Four annotated KPI cards on the left and a breakdown of guidance signals on the right: status color, clear label, secondary explanation, iconography
Four layers of guidance, every card. Status color, label, secondary copy, icon all saying the same thing.

Unified cross-module patterns

Properties, Equipment, and Work Orders had been three different mental models. The overhaul collapsed them onto a shared page chassis: the same header layout, the same KPI bar, the same view switcher, the same record cards, the same status pills. Once a user learns one module, they have already learned the rest. That’s the consistency that turns a collection of features into a product.

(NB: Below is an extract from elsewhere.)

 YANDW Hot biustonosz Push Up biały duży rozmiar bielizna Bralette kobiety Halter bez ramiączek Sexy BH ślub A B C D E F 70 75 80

Three module pages (Properties, Equipment, Work Orders) rendered side by side, sharing the same header, KPI bar, view switcher, and record patterns
Three modules, one chassis. The shared components show up on every page.

Research & approach

  1. 01 Ran field shadowing with technicians at customer sites: boiler rooms, rooftops, trucks. A desktop UI shrunk for mobile becomes impossible to defend the moment you watch someone try to use it with gloves.
  2. 02 Audited every screen across both surfaces against the desktop and mobile heuristics in parallel, cataloging divergences in spacing, vocabulary, action placement, and information density. The audit turned vague complaints into a specific inconsistency map the team could attack.
  3. 03 Worked with Customer Service to mine support tickets for the exact phrases customers used: “I can’t find,” “the app says different than the web,” “is this saved?” Then mapped those phrases to the underlying UI failure modes. The tickets were a research corpus we’d been ignoring.
  4. 04 Built the shared component library before redesigning any page: KPI card, record card, status pill, view switcher, primary action. Every page got rebuilt out of the same parts. Designers and engineers worked from the same library, in two-week design-system increments, before any feature work shipped.
  5. 05 Sequenced the rollout module by module. Properties first, then Equipment, then Work Orders. Customers experienced compounding consistency rather than a single big-bang launch, and by Work Orders they were already fluent in the chassis.
  6. 06 Partnered with VP of Customer Success on a beta cohort of enterprise customers to validate patterns in production before broader rollout. The beta surfaced field-specific edge cases (offline capture, low-signal areas, glare on phone screens outdoors) that lab testing never would have.

Team & leadership impact

Led
Lead Product Designer at Helixintel, end-to-end across mobile and web for the year-long overhaul
Partnered with
VP of Customer Success, Product Director, Customer Service leadership, enterprise insurance partners, mobile and web engineering teams across the year-long platform overhaul

The contribution wasn’t a screen redesign. It was a working model for how Mobile and Web could ship together again. A shared component library. A shared review rhythm. A shared definition of done. The patterns we established became the template the team now uses for every new module, and the alignment with Customer Success turned design into a partner that helps close support tickets rather than create them.

What I’d do differently

We staged the rollout module by module to manage risk and let engineering keep pace. That was the right call, but it meant customers lived with a partly-new, partly-old product for months. If I were running it back I’d invest harder in a visible “modernization status” surface inside the app so customers and CS could see the plan, track the cadence, and know which screens to expect changes on next. Transparency would have absorbed a lot of the “why is this different now” tickets that showed up mid-rollout.

By the time Work Orders rolled out, customers were already fluent in the chassis. The next module shipped faster than the last — the compounding return on shared components, measured in calendar weeks.